TVs, like every other digital device, are getting smarter. So is the internet. Soon, they’ll be comparing notes.
In recent weeks, data company Datalogix has launched a new product that aims to let digital ad buyers target ads to people online based on the shows they watch on TV. The product is a result of a partnership with TRA – a firm that was acquired by TiVO last month – which has TV viewing data from cable boxes in more than 4 million U.S. homes.
This is how it works: TRA delivers TV viewing data to Datalogix, which then combines it with demographic and purchase-behavior data about those TV households. Datalogix then tries to match up those audiences with what it knows about the people from a pool of 50 million cookies it’s amassed online.
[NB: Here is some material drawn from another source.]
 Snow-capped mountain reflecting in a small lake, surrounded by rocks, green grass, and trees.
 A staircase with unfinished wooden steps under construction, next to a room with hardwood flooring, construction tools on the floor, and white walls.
The company also adds in cookies that represent people who have similar attributes to those who have actually watched a given show or regularly watch a certain genre of show to create the scale needed for reach ad buys.
So there’s no guarantee that every ad that an advertiser shows online using this data is being shown to someone who has seen a specific TV ad or show. But Datalogix says the fact that the audiences are being built off a base of TV data from 4 million households makes their audiences much more accurate than others out there using a panel of a few thousand households.
“[O]n a spectrum of options, this is closer to ideal than many others,” Kurt Unkel, president of Vivaki’s Nerve Center, wrote in an e-mail. “Progress over perfection.”
Datalogix SVP Chris Scoggins said that early interest from the buying community has been around complementing TV ad buys with online ads – whether video or display – targeted to the same viewers. The company also envisions TV programmers using the data to target buys that promote TV networks or shows.
But is it creepy? Scoggins said Datalogix has “two Chinese walls” that keep personally-identifiable information from passing through to ad buyers: One between the TV data and Datalogix’s offline purchase-behavior database. And then another between that Datalogix database and the pool of cookies.